Japan's premier steel producer, Nippon Steel, has revised its net profit outlook for the fiscal year ending in March upwards, following robust H1 results. This comes amid a tough Asian steel market environment, exacerbated by increased output and exports from China. The company now expects an annual net profit of 420 billion yen ($2.8 billion), a rise from its previous forecast of 400 billion yen and surpassing the LSEG poll's average estimate of 399 billion yen. However, this figure falls short of last year's profit of 694 billion yen.
Executive VP Takahiro Mori acknowledged the "unprecedentedly severe business environment" with looming recession threats in both Europe and the US. In response to these challenges, Nippon Steel has formulated strategies such as product differentiation, maintaining consistent production, and pursuing global growth.
The steelmaker has been able to improve profitability through several reform measures. These include downsizing domestic facilities and modifying negotiations with key clients to quickly reflect changes in material costs.

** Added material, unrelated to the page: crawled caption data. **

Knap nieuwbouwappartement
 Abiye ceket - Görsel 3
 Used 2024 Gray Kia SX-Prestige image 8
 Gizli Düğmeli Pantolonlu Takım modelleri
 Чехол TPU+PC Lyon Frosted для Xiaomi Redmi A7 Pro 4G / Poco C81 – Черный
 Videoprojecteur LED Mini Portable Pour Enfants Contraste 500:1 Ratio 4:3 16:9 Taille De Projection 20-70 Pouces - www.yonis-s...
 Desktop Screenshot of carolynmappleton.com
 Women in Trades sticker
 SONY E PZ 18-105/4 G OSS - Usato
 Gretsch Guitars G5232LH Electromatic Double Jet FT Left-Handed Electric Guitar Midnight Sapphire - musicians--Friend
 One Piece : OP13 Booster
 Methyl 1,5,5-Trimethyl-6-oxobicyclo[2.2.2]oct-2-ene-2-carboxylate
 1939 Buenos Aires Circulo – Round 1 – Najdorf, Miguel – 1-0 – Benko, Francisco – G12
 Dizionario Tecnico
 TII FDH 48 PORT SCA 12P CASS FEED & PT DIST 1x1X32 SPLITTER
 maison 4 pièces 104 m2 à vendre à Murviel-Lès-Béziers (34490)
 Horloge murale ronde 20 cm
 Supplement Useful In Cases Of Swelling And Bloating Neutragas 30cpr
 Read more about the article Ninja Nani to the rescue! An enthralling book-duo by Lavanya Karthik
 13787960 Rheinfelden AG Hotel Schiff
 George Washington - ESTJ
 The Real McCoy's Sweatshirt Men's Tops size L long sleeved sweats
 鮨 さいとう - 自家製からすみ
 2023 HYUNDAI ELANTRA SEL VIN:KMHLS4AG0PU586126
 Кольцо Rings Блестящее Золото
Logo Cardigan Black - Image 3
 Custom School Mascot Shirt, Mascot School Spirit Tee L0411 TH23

Despite a drop in H1 net profit by 19.4% to 300 billion yen, the company still managed to surpass its initial forecast of 200 billion yen, aided by lower-than-expected raw materials prices.
However, the company indicated that a potential surge in raw material prices could negatively impact H2 margins. In addition, Nippon Steel is in ongoing discussions with Teck Resources (NYSE:TECK) about investing in their coking coal unit, with a decision expected by the end of the year.